In: Economics
#1) Consider a market with demand curve given by P = 90 - Q . The total cost of production for one firm is given by TC(q) = (q2/2)+10 . The marginal cost of production is MC = q .
a) If the market is perfectly competitive, find the supply curve for one firm. Explain. b) If the market price was $10, how many perfectly competitive firms are in the industry if they are identical? Explain. c) Find an expression for the monopolists marginal revenue curve (hint: recall the relationship between the MR curve’s and the demand curve’s slopes.) d) If the market is monopolized by one firm, how many units will be sold and at what uniform price to maximize profits? Explain.

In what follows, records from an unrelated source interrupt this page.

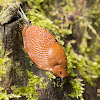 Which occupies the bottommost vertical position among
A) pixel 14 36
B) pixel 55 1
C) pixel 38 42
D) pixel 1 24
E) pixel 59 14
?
pixel 38 42

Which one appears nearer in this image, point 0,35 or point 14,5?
point 0,35

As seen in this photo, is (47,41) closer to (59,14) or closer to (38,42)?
(38,42)

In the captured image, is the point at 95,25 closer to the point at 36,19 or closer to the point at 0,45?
the point at 36,19

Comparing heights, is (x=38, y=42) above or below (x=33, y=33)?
below

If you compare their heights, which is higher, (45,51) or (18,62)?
(45,51)

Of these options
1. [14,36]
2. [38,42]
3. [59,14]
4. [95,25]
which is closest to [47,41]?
[38,42]

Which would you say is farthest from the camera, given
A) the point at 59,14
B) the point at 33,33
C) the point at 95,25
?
the point at 95,25

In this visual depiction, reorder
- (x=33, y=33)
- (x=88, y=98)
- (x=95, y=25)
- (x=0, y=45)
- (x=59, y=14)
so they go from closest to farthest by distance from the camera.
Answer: (x=0, y=45)
(x=33, y=33)
(x=88, y=98)
(x=59, y=14)
(x=95, y=25) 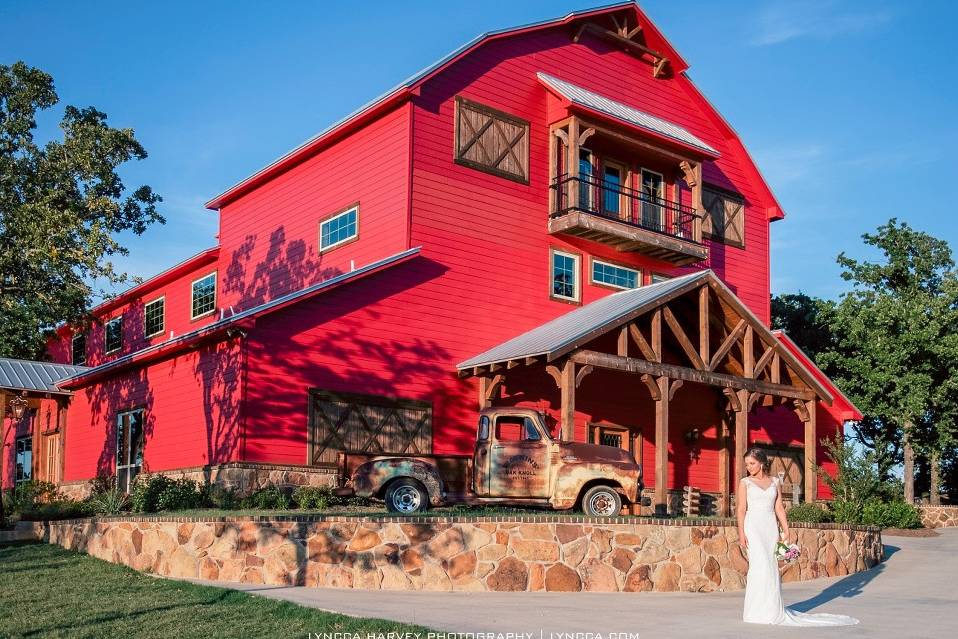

Consider a market with demand curve given by P = 90 - Q . The total cost of production for one firm is given by TC(q) = (q^2/2)+10 . The marginal cost of production is MC = q .
a) If the market is perfectly competitive, find the supply curve for one firm. Explain.
Supply curve for a single firm is its MC curve. Hence it is MC = P = q. This gives q = P.
b) If the market price was $10, how many perfectly competitive firms are in the industry if they are identical? Explain.
At P = 10, Qd (market demand) = 90 - 10 = 80 units. With one firm having P = q or q = 10 units as production, there are 80/10 = 8 firms in the short run.
c) Find an expression for the monopolists marginal revenue curve (hint: recall the relationship between the MR curve’s and the demand curve’s slopes.)
Demand is P = 90 - Q. TR is 90Q - Q^2. Hence MR = 90 - 2Q. (Twice the slope of demand).
d) If the market is monopolized by one firm, how many units will be sold and at what uniform price to maximize profits? Explain.
Monopoly uses MR = MC
90 - 2Q = Q
Qm = 90/3 = 30 units
Pm = 90 - Qm = 90 - 30 = $60 per unit.